From the records below, extract only the lines running from the line with "Our Habitas Atacama" to the line with "Wattled Jacana - ML589285511", both lines included, reproducing them exactly.

[Opening Record excerpts section]

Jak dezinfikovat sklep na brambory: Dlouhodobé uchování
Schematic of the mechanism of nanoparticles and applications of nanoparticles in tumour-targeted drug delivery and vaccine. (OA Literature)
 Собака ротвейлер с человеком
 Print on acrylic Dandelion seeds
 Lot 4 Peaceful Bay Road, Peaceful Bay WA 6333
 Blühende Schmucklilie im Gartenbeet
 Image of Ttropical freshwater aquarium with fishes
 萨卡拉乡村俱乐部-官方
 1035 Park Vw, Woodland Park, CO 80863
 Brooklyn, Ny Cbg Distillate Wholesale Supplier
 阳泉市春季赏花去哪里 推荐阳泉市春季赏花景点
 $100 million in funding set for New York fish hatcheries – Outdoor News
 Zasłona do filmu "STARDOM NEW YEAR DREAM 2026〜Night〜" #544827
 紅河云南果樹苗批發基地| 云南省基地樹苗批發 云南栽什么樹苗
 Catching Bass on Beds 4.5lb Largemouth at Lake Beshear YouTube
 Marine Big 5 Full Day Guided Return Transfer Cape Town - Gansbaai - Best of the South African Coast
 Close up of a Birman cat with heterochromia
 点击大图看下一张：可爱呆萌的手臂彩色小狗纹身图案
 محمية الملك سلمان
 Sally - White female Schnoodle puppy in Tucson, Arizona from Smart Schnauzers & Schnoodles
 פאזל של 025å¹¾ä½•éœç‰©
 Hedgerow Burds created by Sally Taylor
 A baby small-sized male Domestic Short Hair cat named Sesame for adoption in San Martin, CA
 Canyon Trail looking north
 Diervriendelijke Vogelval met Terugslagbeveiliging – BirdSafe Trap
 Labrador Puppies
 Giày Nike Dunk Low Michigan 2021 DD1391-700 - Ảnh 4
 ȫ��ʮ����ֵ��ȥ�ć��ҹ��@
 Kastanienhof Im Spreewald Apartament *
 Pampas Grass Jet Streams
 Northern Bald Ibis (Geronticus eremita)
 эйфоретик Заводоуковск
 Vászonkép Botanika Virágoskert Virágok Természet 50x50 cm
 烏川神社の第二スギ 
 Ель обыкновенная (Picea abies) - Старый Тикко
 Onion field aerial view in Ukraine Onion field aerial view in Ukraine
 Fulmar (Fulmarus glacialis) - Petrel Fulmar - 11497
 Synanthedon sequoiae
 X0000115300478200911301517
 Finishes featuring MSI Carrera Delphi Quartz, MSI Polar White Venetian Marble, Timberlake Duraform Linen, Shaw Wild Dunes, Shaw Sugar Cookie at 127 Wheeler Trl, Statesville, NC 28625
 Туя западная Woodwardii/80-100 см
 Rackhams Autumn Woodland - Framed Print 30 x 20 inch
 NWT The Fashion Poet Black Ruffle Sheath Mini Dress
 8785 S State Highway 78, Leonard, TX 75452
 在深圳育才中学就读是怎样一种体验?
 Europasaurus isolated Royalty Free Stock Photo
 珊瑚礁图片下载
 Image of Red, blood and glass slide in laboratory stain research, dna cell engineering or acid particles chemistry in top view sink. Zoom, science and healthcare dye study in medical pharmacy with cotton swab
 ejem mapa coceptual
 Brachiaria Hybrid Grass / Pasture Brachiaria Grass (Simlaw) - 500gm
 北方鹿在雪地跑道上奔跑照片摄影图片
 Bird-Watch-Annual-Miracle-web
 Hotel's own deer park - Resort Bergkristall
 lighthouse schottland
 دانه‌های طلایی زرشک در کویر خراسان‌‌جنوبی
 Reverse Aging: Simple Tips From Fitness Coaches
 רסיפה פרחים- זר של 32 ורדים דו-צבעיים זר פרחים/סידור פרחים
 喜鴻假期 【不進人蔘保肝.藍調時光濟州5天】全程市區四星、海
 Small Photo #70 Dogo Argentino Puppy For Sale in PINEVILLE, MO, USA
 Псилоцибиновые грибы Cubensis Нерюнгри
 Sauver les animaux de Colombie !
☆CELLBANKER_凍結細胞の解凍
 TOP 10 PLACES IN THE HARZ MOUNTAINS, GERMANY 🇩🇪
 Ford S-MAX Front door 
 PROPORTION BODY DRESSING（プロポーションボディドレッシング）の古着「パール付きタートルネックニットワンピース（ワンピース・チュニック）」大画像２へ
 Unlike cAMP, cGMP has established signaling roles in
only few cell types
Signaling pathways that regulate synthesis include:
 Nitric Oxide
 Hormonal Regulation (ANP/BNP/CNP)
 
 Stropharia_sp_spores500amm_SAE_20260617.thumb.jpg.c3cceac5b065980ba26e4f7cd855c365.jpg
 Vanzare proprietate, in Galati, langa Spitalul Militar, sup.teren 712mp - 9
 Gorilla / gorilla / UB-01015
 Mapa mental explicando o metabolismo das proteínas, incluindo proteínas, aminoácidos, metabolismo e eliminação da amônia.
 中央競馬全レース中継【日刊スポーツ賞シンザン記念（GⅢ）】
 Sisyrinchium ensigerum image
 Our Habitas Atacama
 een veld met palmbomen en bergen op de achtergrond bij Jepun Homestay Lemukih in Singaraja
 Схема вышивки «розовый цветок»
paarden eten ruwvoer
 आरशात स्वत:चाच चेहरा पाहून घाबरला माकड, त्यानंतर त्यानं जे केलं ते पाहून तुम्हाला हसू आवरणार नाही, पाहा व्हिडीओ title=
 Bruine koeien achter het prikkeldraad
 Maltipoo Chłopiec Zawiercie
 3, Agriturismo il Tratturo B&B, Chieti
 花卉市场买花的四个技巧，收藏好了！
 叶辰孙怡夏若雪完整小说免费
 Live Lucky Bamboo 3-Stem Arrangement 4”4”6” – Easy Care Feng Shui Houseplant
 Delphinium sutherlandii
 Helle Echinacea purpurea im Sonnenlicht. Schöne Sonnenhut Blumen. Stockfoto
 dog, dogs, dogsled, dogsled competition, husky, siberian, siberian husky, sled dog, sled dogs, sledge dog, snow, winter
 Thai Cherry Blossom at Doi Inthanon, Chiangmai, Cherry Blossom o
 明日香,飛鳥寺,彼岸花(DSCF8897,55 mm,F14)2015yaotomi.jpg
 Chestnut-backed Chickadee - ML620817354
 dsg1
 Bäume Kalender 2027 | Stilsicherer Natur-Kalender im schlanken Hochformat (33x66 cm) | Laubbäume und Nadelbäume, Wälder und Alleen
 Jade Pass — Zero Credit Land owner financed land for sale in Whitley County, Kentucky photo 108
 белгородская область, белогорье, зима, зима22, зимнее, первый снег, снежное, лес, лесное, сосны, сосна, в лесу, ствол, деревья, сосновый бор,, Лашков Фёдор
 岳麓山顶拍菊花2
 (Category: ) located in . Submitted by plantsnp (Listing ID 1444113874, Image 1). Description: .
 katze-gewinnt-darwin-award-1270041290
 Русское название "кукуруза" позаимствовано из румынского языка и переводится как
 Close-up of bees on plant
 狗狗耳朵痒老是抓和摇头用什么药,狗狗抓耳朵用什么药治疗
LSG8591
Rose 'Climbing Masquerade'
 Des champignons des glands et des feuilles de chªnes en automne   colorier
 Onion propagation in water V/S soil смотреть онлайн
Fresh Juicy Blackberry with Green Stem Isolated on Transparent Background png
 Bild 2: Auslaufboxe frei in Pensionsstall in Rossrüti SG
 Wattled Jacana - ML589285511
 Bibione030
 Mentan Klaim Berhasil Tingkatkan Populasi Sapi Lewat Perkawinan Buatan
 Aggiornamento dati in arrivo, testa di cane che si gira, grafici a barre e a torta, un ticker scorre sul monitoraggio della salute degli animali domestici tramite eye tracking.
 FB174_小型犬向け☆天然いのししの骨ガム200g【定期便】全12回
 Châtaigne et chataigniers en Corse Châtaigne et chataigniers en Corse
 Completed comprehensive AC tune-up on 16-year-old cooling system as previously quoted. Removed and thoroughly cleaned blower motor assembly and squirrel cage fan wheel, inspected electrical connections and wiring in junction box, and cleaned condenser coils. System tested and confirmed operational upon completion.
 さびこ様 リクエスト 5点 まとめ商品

[Closing Record excerpts section]

-- Solution for this problem --
 Our Habitas Atacama
 een veld met palmbomen en bergen op de achtergrond bij Jepun Homestay Lemukih in Singaraja
 Схема вышивки «розовый цветок»
paarden eten ruwvoer
 आरशात स्वत:चाच चेहरा पाहून घाबरला माकड, त्यानंतर त्यानं जे केलं ते पाहून तुम्हाला हसू आवरणार नाही, पाहा व्हिडीओ title=
 Bruine koeien achter het prikkeldraad
 Maltipoo Chłopiec Zawiercie
 3, Agriturismo il Tratturo B&B, Chieti
 花卉市场买花的四个技巧，收藏好了！
 叶辰孙怡夏若雪完整小说免费
 Live Lucky Bamboo 3-Stem Arrangement 4”4”6” – Easy Care Feng Shui Houseplant
 Delphinium sutherlandii
 Helle Echinacea purpurea im Sonnenlicht. Schöne Sonnenhut Blumen. Stockfoto
 dog, dogs, dogsled, dogsled competition, husky, siberian, siberian husky, sled dog, sled dogs, sledge dog, snow, winter
 Thai Cherry Blossom at Doi Inthanon, Chiangmai, Cherry Blossom o
 明日香,飛鳥寺,彼岸花(DSCF8897,55 mm,F14)2015yaotomi.jpg
 Chestnut-backed Chickadee - ML620817354
 dsg1
 Bäume Kalender 2027 | Stilsicherer Natur-Kalender im schlanken Hochformat (33x66 cm) | Laubbäume und Nadelbäume, Wälder und Alleen
 Jade Pass — Zero Credit Land owner financed land for sale in Whitley County, Kentucky photo 108
 белгородская область, белогорье, зима, зима22, зимнее, первый снег, снежное, лес, лесное, сосны, сосна, в лесу, ствол, деревья, сосновый бор,, Лашков Фёдор
 岳麓山顶拍菊花2
 (Category: ) located in . Submitted by plantsnp (Listing ID 1444113874, Image 1). Description: .
 katze-gewinnt-darwin-award-1270041290
 Русское название "кукуруза" позаимствовано из румынского языка и переводится как
 Close-up of bees on plant
 狗狗耳朵痒老是抓和摇头用什么药,狗狗抓耳朵用什么药治疗
LSG8591
Rose 'Climbing Masquerade'
 Des champignons des glands et des feuilles de chªnes en automne   colorier
 Onion propagation in water V/S soil смотреть онлайн
Fresh Juicy Blackberry with Green Stem Isolated on Transparent Background png
 Bild 2: Auslaufboxe frei in Pensionsstall in Rossrüti SG
 Wattled Jacana - ML589285511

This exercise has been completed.